Of note, when the analysis was limited to patients with HCV and adjusted for age and sex, the risk of developing HCC increased dramatically in the A/G and G/G patients. This finding is of particular importance as HCV is the main risk factor for HCC in Japan. In addition, several recent mechanistic studies support this finding. First, EGFR was recently shown to be a host factor for HCV cellular entry when it was found that EGFR signaling leads to assembly of the host tetraspanin receptor complex.27,28 The ligands that activate EGFR, especially EGF, therefore increase HCV cellular entry,27 and the EGF SNP is known to increase liver EGF levels.2

The association between the EGF genotype and prognosis so far has not been described in HCC patients and remains controversial in other malignancies, such as glioma and esophageal carcinoma.29–31 In this study, no statistical association was found between the EGF genotype and both disease-free and overall survival, in HCC patients. This result could be explained by the fact that the prognosis of HCC, as opposed to other malignancies, is subject to various individual conditions, such as cirrhosis, leading to multicentric carcinogenesis and residual liver function.32 Interestingly, EGF is part of a gene expression signature associated with poor overall survival in HCC patients who have had a resection and in cirrhosis patients.33,34 This signature was derived from the surrounding nontumoral liver tissue and might help explain why the increased tumoral EGF expression seen in our A/G and G/G patients was not associated with survival. It might be that EGF expression alone is not powerful enough to predict prognosis, or it could be that EGF expression in the surrounding, nontumoral tissue will have greater prognostic value. Consistent with this, Falleti et al35 reported that the EGF genotype associates with advanced fibrosis at a young age in HCV patients. They hypothesized that the EGF polymorphism is responsible for a more rapid disease progression early in the course of HCV infection, which would be consistent with its role in cellular entry.

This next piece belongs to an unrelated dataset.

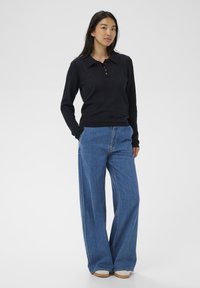 Egy nő áll, kezét zsebre dugva, fekete, hosszú ujjú póló pulóverben, széles szárú kék farmerban és fehér cipőben egy egyszerű háttér előtt.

In conclusion, the allelic frequencies of the EGF polymorphism in Japanese patients were similar to those reported previously for other high-risk HCC groups, including Chinese and African Americans. The A/G and G/G genotypes were associated with an increased risk of HCC, especially in HCV patients, in whom increased EGF levels might lead to a more rapid disease progression. We suggest that more intensive follow up of HCV patients with the G allele might lead to earlier diagnosis and better outcomes for HCC.